Her: Do we have any chicken stock?
Me: I’m not sure what that has to do with soup, but I’ll call my broker on Monday.
If I was a man my favorite hole would still be the donut hole.
I’m not stalking you. I’m trying to help you find that sock that you dropped behind the door before you left for work Wednesday at 7:04.
friend: wanna see a magic trick
person who got cursed by a donkey wizard yesterday: no thank you
Judas has been acting weird the last few days.
ME *enters new password*
COMPUTER: Ok
M: Aren’t u going tell me it’s too weak?
C: I’ve seen your life & more criticism just seems unkind
Mum was fed up of the squirrels stealing all the bird food so she greased the feeder!
How to get a girl to like you:
1. Become a lion tamer
2. Release a lion on her
3. Tame it right before it kills her
4. Take her to Chili’s?
If you cancel your Twitter account it’s called Twittercide.
If you cancel your Facebook account it’s just called Smart.
The kids are asking for fun shaped sandwiches for their back-to-school lunches and I’m so flattered they’ve mistaken me for the kind of mother who would do that
BREAKING: The BBC declares war on Italy
The biggest joke of Spongebob is that he can work in a fast food restaurant and still afford to buy a house.
I’ve never met a day I couldn’t ruin.
My 2yo kissed his piece of pizza before eating and honestly why isn’t that customary?
My daughter is able to take one chocolate cookie and then go about her day not caring that there’s more.
I’m pretty sure she’s a witch.
i’m an idiot but secretly a genius but even more secretly than that, i’m an idiot
Why yall taking long at Atm? yall
launching missiles or downloading
Space ships from NASA?
Her: I think my fathers in jail.
Me: No, No, No… He’s in Alabama. It’s like jail, but with trees.
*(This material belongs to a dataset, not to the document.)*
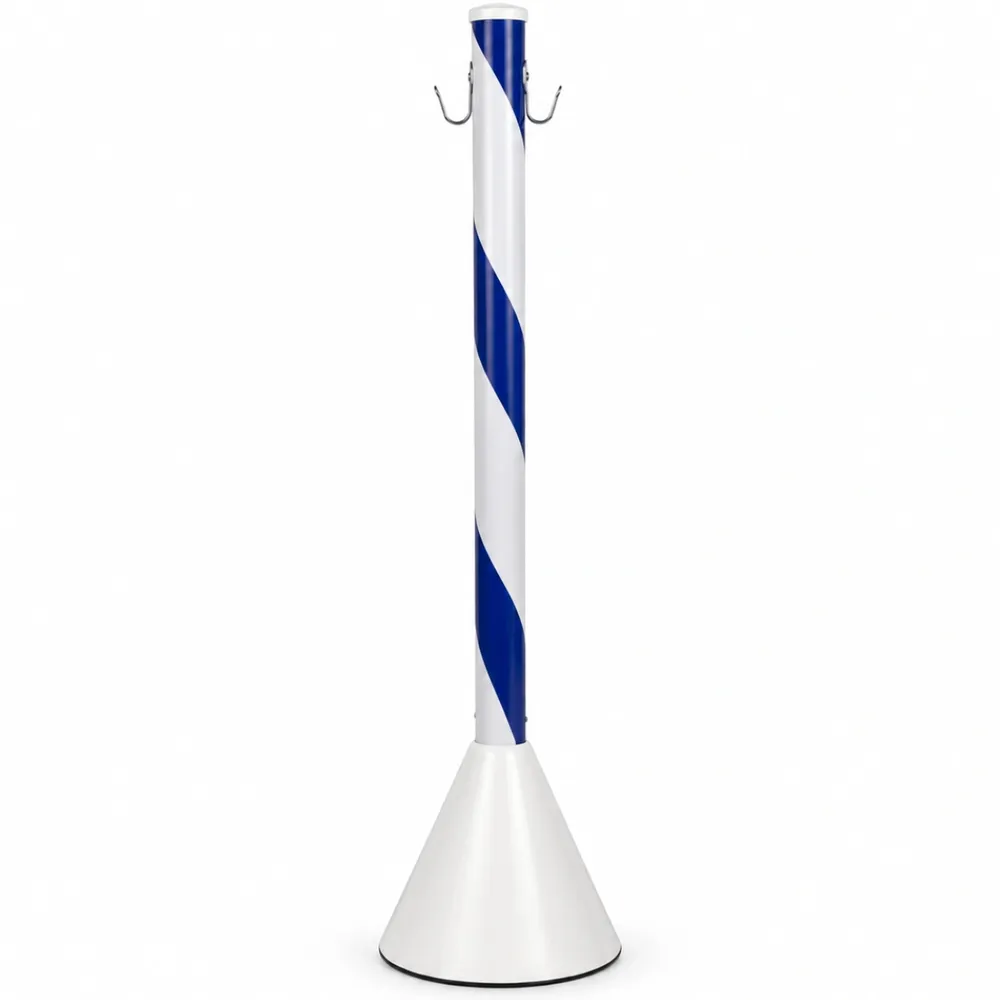 imagem do produto Pedestal de Sinalização 90cm Zebrado Branco e Azul com Base em Concreto e Gancho Metálico imagem do produto Pedestal de Sinalização 90cm Zebrado Branco e Azul com Base em Concreto e Gancho Metálico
Whenever anyone smiles at me, I change all my passwords.
💁🏻♂️
I put a complaint box in the break room… everyone thinks HR put it there… now I know all the crap people are saying about me…
hot girl doing pouty lips: wow she is so sexy
me doing pouty lips: are…are you going to puke, you have to tell me if you’re going to puke
Me: *deals cards* okay boys what’ll it be
Quarterback: i pass
Roofer: i raise
Telemarketer: i call
Optometrist: i see
Origami Artist: i fold
I am going to miss shaking hands after sex.
The best part of being pregnant is blaming my eating choices on the baby.
Jello at 3 am? Baby was hungry.
Cheesecake for breakfast? Baby wanted it.
The blood of my enemies under a full moon? Baby demanded a sacrifice.
Pancakes for dinner? Baby likes breakfast food.
No I’m not drunk driving
My kids just keep demanding I LOOK
I’m slowly replacing people in my life with different snack foods.
Don’t be afraid to love yourself…
…but do it quietly and make sure you get it all in the tissues.
My wife complains that she has a big ass, I just wish she would stop pointing at me when she says it.